Re: [rsyslog] [PERFORM] performance for high-volume loginsertion(fwd)

Rainer Gerhards Thu, 23 Apr 2009 23:54:39 -0700

> -----Original Message-----
> From: [email protected] [mailto:rsyslog-
> [email protected]] On Behalf Of [email protected]
> Sent: Friday, April 24, 2009 8:45 AM
> To: rsyslog-users
> Subject: Re: [rsyslog] [PERFORM] performance for high-volume



> loginsertion(fwd)
> > So it looks my three-call (beginBatch, pushData, EndBatch) calling
> interface
> > can probably work. I need to work on how non-transactional outputs
> can convey
> > what they have commited, but the basic interface looks rather good.
> 
> yes, although there is benifit in making these not be seperate exec
> statements but instead sending them to the database as you go along (I

Definitely, but I'd consider this an implementation detail. If it is worth
it, every plugin in question may implement this mode. I'd also say it is not
too much work, depending on what "too much" means to you ;)
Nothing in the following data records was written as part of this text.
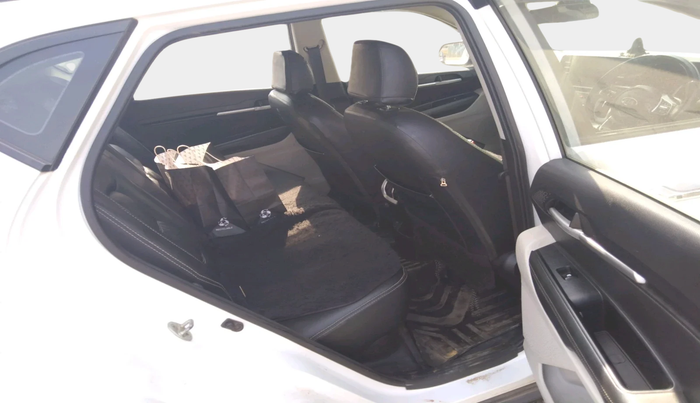 2020 KIA SONET HTX 1.5, Diesel, Manual, 1,56,403 km, interior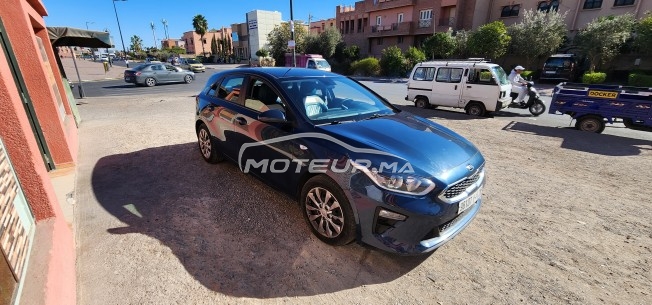 كيا سييد Active مستعملة 1574692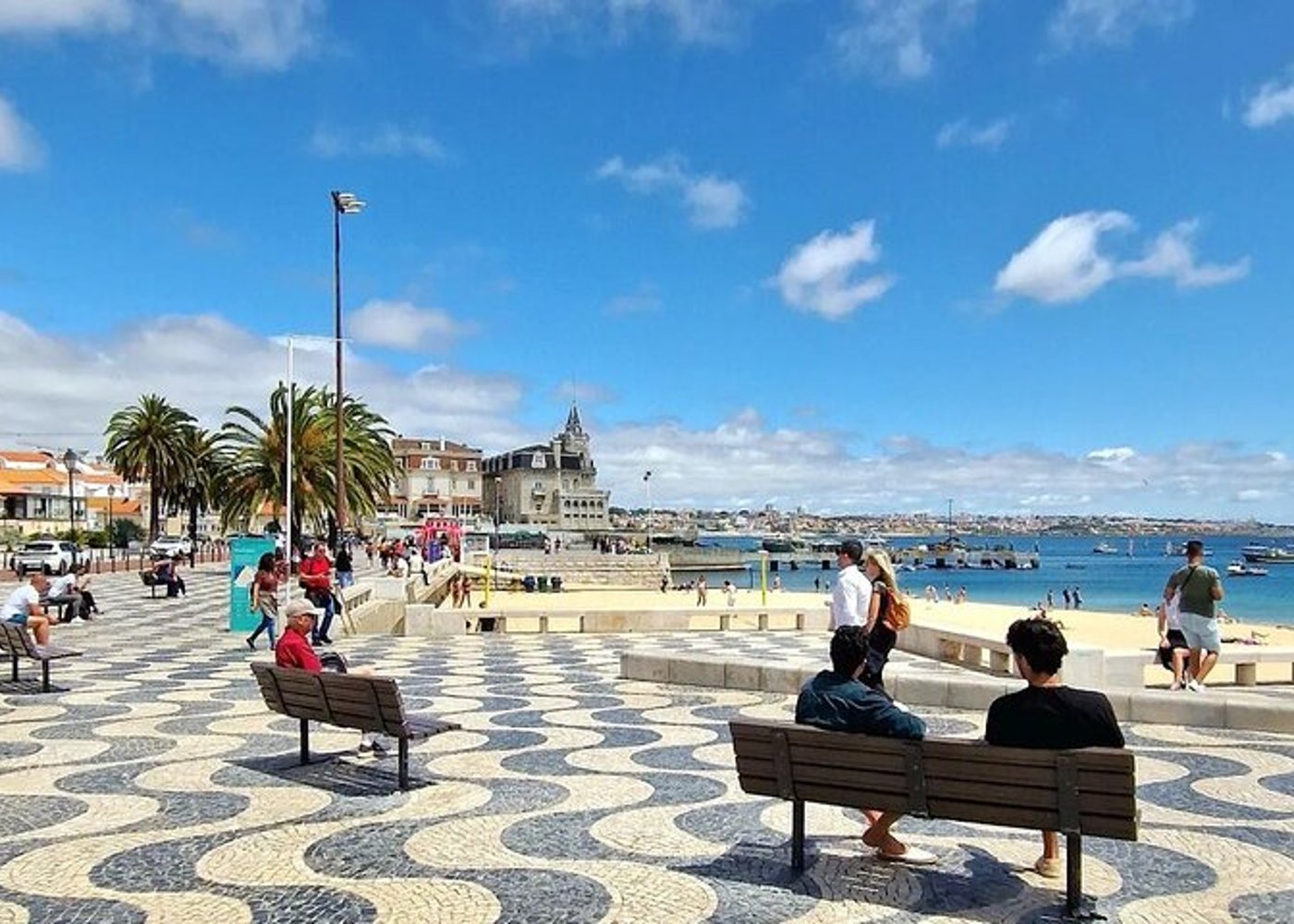 Lizbona: Wycieczka w małej grupie do Sintry i Cascais z biletem do Pałacu Pena - 34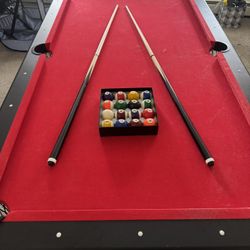 Go Sports Portable 7Ft Pool Table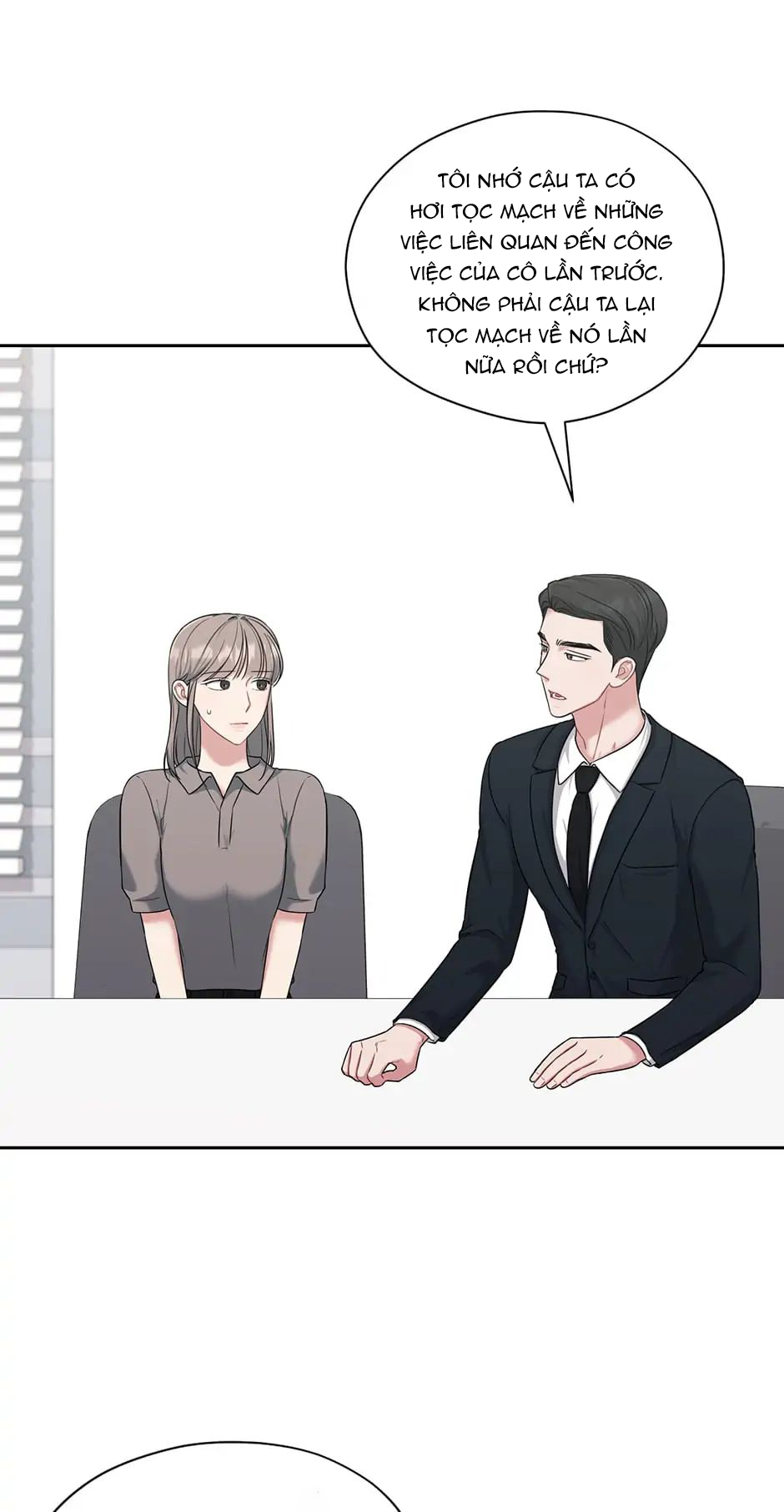 Sếp Là Fan Siêu Bự Của Tôi chapter 35.2 - Trang 14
> don't know the library well enough to know how to do a non-blocking
> call
> like this) or crafting one long string and sending it all at once. even
> if
> the pieces are generated by seperate write calls on the network
> filehandle, with a TCP datastream (and a fast sender), the number of
> round-trips may be far fewer than you think (what you create as
> seperate
> exec statements
> 
> my earlier 4-part proposal (start, mid, stop, data) is _slightly_ more
> flexible in that it has the mid/joiv variable, allowing for something
> to
> appear between points of data, but not at the end.
> 
> i.e.
> 
> insert into table X values (),();
> 
> your 3-part version would end up with an extra , at the end.
> 
> while this isn't critical it is an easy way to gain about another
> factor
> of 10

I'd draw a subtle line here. I think what you propose is valid and right, but
it is not something that belongs into the output plugin interface.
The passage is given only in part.